Exercise prompt:
The data below should be copied over with complete accuracy.

▼

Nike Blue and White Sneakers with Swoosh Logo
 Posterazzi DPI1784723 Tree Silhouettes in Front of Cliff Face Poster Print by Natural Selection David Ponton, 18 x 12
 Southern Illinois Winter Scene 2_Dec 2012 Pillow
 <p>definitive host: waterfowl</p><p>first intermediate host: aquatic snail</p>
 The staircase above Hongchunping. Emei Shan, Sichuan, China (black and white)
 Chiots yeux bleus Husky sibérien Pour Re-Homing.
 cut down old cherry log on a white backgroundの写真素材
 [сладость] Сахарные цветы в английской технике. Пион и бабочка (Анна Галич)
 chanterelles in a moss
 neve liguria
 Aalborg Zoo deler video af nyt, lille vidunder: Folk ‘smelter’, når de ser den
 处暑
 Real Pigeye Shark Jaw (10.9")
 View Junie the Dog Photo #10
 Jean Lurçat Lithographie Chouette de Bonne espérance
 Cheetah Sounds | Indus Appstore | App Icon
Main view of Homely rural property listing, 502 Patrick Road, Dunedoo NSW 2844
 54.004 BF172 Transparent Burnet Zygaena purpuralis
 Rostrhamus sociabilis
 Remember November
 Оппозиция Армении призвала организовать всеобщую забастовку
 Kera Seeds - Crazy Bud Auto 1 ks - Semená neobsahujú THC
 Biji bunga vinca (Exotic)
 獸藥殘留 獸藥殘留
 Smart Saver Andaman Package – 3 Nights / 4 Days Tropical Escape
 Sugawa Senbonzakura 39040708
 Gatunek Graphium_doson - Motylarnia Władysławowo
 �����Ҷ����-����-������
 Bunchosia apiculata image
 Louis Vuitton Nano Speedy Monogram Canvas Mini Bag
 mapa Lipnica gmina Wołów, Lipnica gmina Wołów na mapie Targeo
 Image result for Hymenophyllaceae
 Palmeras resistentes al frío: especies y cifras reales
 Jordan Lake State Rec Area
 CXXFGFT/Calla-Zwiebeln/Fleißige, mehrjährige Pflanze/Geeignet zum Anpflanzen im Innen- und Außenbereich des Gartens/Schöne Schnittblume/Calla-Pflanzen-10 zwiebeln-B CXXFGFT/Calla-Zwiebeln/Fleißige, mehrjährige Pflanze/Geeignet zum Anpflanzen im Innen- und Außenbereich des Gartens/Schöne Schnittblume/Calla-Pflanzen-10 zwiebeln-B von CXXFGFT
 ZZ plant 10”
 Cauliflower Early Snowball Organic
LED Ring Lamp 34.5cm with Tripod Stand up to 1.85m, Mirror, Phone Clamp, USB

▲

Reply to the exercise:
Nike Blue and White Sneakers with Swoosh Logo
 Posterazzi DPI1784723 Tree Silhouettes in Front of Cliff Face Poster Print by Natural Selection David Ponton, 18 x 12
 Southern Illinois Winter Scene 2_Dec 2012 Pillow
 <p>definitive host: waterfowl</p><p>first intermediate host: aquatic snail</p>
 The staircase above Hongchunping. Emei Shan, Sichuan, China (black and white)
 Chiots yeux bleus Husky sibérien Pour Re-Homing.
 cut down old cherry log on a white backgroundの写真素材
 [сладость] Сахарные цветы в английской технике. Пион и бабочка (Анна Галич)
 chanterelles in a moss
 neve liguria
 Aalborg Zoo deler video af nyt, lille vidunder: Folk ‘smelter’, når de ser den
 处暑
 Real Pigeye Shark Jaw (10.9")
 View Junie the Dog Photo #10
 Jean Lurçat Lithographie Chouette de Bonne espérance
 Cheetah Sounds | Indus Appstore | App Icon
Main view of Homely rural property listing, 502 Patrick Road, Dunedoo NSW 2844
 54.004 BF172 Transparent Burnet Zygaena purpuralis
 Rostrhamus sociabilis
 Remember November
 Оппозиция Армении призвала организовать всеобщую забастовку
 Kera Seeds - Crazy Bud Auto 1 ks - Semená neobsahujú THC
 Biji bunga vinca (Exotic)
 獸藥殘留 獸藥殘留
 Smart Saver Andaman Package – 3 Nights / 4 Days Tropical Escape
 Sugawa Senbonzakura 39040708
 Gatunek Graphium_doson - Motylarnia Władysławowo
 �����Ҷ����-����-������
 Bunchosia apiculata image
 Louis Vuitton Nano Speedy Monogram Canvas Mini Bag
 mapa Lipnica gmina Wołów, Lipnica gmina Wołów na mapie Targeo
 Image result for Hymenophyllaceae
 Palmeras resistentes al frío: especies y cifras reales
 Jordan Lake State Rec Area
 CXXFGFT/Calla-Zwiebeln/Fleißige, mehrjährige Pflanze/Geeignet zum Anpflanzen im Innen- und Außenbereich des Gartens/Schöne Schnittblume/Calla-Pflanzen-10 zwiebeln-B CXXFGFT/Calla-Zwiebeln/Fleißige, mehrjährige Pflanze/Geeignet zum Anpflanzen im Innen- und Außenbereich des Gartens/Schöne Schnittblume/Calla-Pflanzen-10 zwiebeln-B von CXXFGFT
 ZZ plant 10”
 Cauliflower Early Snowball Organic
LED Ring Lamp 34.5cm with Tripod Stand up to 1.85m, Mirror, Phone Clamp, USB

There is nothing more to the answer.